US Weekly: You mentioned a while back that when you turned 16 you weren’t necessarily excited to get your driver's license; you wanted to audition for Idol. How has it lived up to your expectations, being the two last out of 103,000?

It's so crazy; it's something I always wanted to do and then I auditioned and I made it and I was surprised because I mean, when you walk into those arenas there are thousands of people and you're like, oh my gosh, I only have a 1 in a 10,000 chance of making it.

So I was really surprised when I made it through that round and then Hollywood round came and I made it through that and then I got to the Top 12; everything has been surprising me and now that I'm here it's just so amazing because I'm doing what I've always wanted to do so it's really amazing.

Gannett News Service: You're a real nut for both football and basketball. Why did it turn out to be music is what you do? Were you also playing football or basketball?

Yes, before I started just focusing solely on the career I was playing softball in eighth grade and I was playing basketball so I was just having a lot of fun with that. I wasn't the best person on the team, but I loved playing and I loved being a part of a team. So it was really fun and it was really hard to have to decide either or, but I'm really happy with what I chose so everything is all good.

In Touch Weekly: How has this experience changed you? Do you feel different in any way?

You know what? I feel like this whole experience has made me stronger and a better person. I can handle so much more than I thought I could. I mean, they throw a lot at us and it's pretty intense, but each week I go out there and I get the criticism and I get the praise or whatever and I don't know; I take what I can get from it and then I put it towards myself or towards something that I can use in the next week and I don't know, overall I think it's just made me a better person and a better performer and able to emote better and I'm just so glad I'm going through it. It is kind of intense, but I wouldn't trade it for anything.

MTV News: What would be the difference between winning this week and not winning?

You know what? I'm not really sure. I came into this competition and I really do want to win, I do. But at the same time, if I don't it’s not going to be the end of the world; it's not going to be, oh my gosh, I'm never going to sing again kind of thing.

So I would be happy if I won and I would be happy if Blake won. So I think it's pretty cool. I'm just glad I got a chance to be a part of it and that I made it this far.

Houston Chronicle: A comment that Simon made this week, when he said that in terms of song choice, you were sounding kind of old, is that something that's in your head now as you're going into next week that you're going to maybe try to be a little more youthful?

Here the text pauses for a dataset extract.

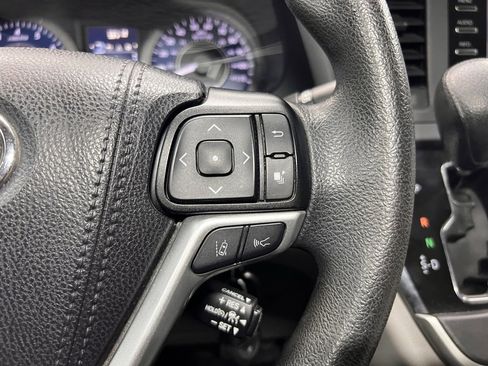Used 2020 Toyota Sienna L image 26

Simon's comments always stay with you, so I guess yes. But at the same time, I can't really base what I'm going to do off of that, even though I can and you know, sometimes I do. But he says what he feels and I understand what he was saying. It was an older song and it was kind of old fashioned. But at the same time, it was a song that I love so it was kind of just a you know, I just wanted to sing it really badly and I loved it.

I guess next week I have a more youthful song in my repertoire that I'm going to pull out next week so I'm really excited for next week and I’m really excited to get everything started.

The Orlando Sentinel: Have there been any tense moments for you in all of this? You were sort of treated wrong on [Idol] Gives Back night, where it looked like maybe you were out.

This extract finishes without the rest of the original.